Six of the world's leading banks have bought shares in a company
that uses Chinese prison labour, reports say.
Deutsche Bank, HSBC, ING, Merrill Lynch, Morgan Stanley and
UBS are among the top 10 shareholders of Henan Rebecca, a leading
wig manufacturer and exporter, The South China Morning Post
reported in August.
Guards at Xuchang County Labour Re-education Camp and No. 3
Labour Re-education Camp confirmed inmates carried out low-skilled
processing for Henan Rebecca, a claim supported by workers at
the company.

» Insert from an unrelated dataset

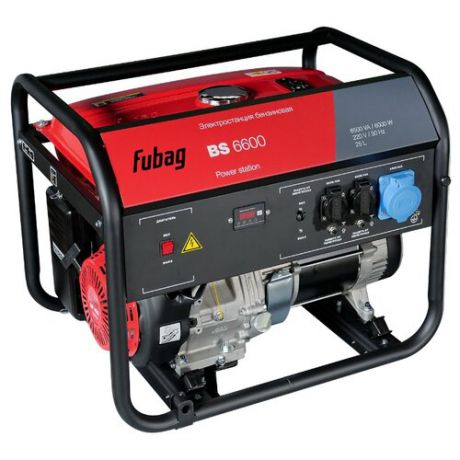 Бензиновый генератор Fubag BS 6600 (5700 Вт)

The work involved sorting and plaiting hair before
being turned into wigs.
Under international law, work carried out through laojiao,
labour through re-education, is classed as forced labour because
inmates may not choose whether or not they work and they usually
are not paid.
Laojiao inmates are typically made to work 16 hour days
producing an array of goods; those who cannot meet the quota,
activists say, are sometimes given electric shock or other abuse.

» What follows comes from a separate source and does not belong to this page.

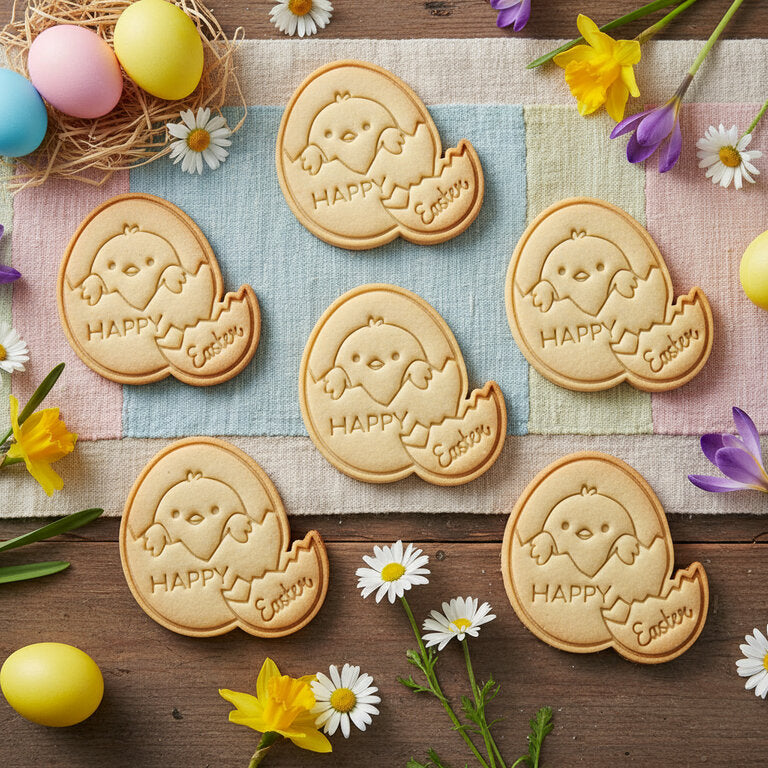 Emporte-pièce de pâques "happy easter" gâteau de pâques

The banks deny any direct stock holding, though it is understood
they acted as purchasing agents through investment schemes.
Most of Henan Rebecca's wigs are exported to countries in Africa,
Asia and Europe as well as to the United States, which prohibits
the import of products made using forced labour.
The company denies the accusation and has invited the Business
& Human Rights Resource Centre to investigate.